After World War II and during the Cold War, Americans became aware of how fascist and communist governments used the arts as propaganda for control. Governmental censorship of artists and media was viewed by our nation as undemocratic and unjust. Allowing the arts to explore and express the human condition, even if it meant challenging tradition and authority, represented the democratic principles that made our nation so great.
We believed in the power of the arts so much that we created a formal system of public- private partnership to facilitate cultural life by creating the National Endowment for the Arts (NEA) and the National Endowment for the Humanities (NEH) in the 1960’s. State arts and humanities councils were also formed to provide decentralized support for artists and arts organizations using matching funds from the NEA as well as private donors.
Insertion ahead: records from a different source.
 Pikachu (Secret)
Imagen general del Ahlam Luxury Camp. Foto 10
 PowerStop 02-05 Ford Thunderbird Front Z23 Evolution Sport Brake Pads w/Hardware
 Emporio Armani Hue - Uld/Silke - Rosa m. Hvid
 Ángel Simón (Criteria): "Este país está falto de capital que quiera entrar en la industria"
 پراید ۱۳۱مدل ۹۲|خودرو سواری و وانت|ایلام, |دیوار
This public-private funding strategy is rooted in the democratic ideology of our founding fathers. John Adams wrote in the Massachusetts Constitution in 1780 (which became a model for the U.S. Constitution) that funding for the arts, literature, and the sciences was a shared responsibility between public and private institutions.
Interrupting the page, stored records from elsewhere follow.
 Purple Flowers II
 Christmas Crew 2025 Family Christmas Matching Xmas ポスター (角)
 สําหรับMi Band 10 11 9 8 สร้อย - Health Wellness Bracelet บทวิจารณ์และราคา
Put simply, government cannot and should not provide sole support for the arts, but it does have the responsibility to create a foundation that preserves and celebrates our collective histories as Americans and provides fertile ground for artistic enterprise to grow. Due to the culture wars of the early 1990’s (when public funding for the arts came into question due to claims by Congress of controversial art making) and my age, I have never lived in a United States that viewed public funding for the arts as an expression of freedom and democratic power.I have only lived in a United States that questions funding for the arts due to its potential to cause offense or represent values of “big government.” At times when fearful and/or violent viewpoints seem to prevail, it is important to see the arts as a key instrument of a free society, one where the arts are accessible for all to explore the human condition, not just the privileged or the powerful.
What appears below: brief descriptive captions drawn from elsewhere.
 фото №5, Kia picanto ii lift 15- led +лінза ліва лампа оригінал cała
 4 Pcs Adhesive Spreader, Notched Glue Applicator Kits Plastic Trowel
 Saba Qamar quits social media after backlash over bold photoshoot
Public arts funding in Missouri is currently on unsteady ground. With a now fully depleted Cultural Trust, state legislators must allocate annual monies from the Non-Resident Athletes and Entertainers Tax to the Missouri Arts Council to keep that constitutional promise of shared responsibility for the arts. Citizens will crowd the State Capitol Wednesday for Citizens’ Day for the Arts. I hope you will share your voice by contacting your legislators and tell them that funding the arts is important in maintaining our right to express ourselves freely and openly.